I have seen a lot of people which do NOT have this problem. Am I doing something wrong?


----------



## eidairaman1 (May 24, 2014)

U need an active adapter, look up dvi standards...



Jirachi said:


> Hey,
> 
> Untill MK8 comes out, I want to play MKWii on the Wii. (NOT Wii U!). I want to connect this to my monitor (Acer V243HL). It has a dvi and vga input. 24 inch and 1920*1080. I have bought a Wii2HDMI adapter and used a HDMI to DVI cable to connect it to my monitor. I have tried 480i, 576i and HDTV (480p) mode but the monitor says 'no signal' to all of these. Audio on the monitor through a separte cable from the wii2hdmi adapter to the monitor does work though!
> 
> I have seen a lot of people which do NOT have this problem. Am I doing something wrong?


----------



## Jirachi (May 24, 2014)

eidairaman1 said:


> U need an active adapter, look up dvi standards...

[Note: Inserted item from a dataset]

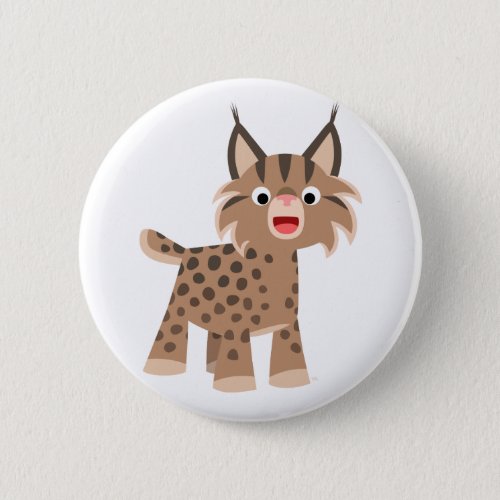 Cute Cartoon Happy Lynx Button Badge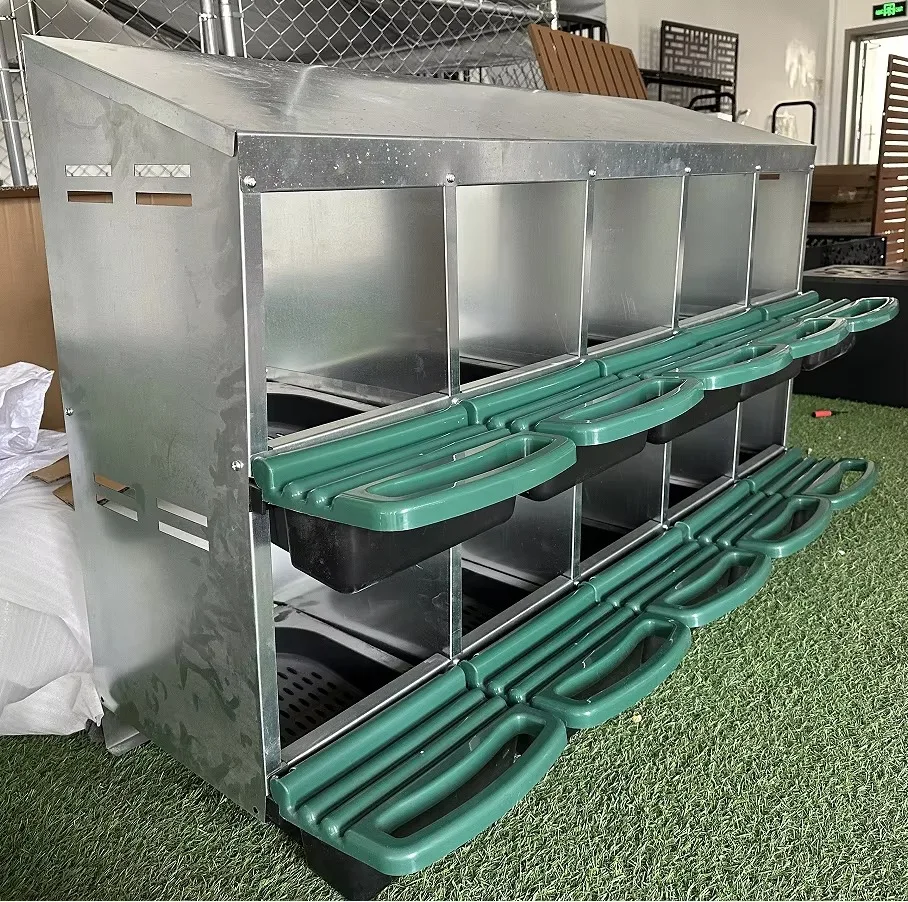 New 2 Layers Durable Metal Egg Laying Box Easy to Clean Galvanized Chicken Nesting Box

Huh? You mean that the cable is the problem? I described my setup wrong: I have a hdmi to hdmi cablee, with a hdmi to dvi adapter. I used this one: http://www.handyman.nl/product/scanpart-adapter-hdmi-f-dvi-d-m/3990022053/


----------



## micropage7 (May 24, 2014)

have you tried connect it to pc or other laptop?
and what OS that you run?
you should set it through control panel if it read right


----------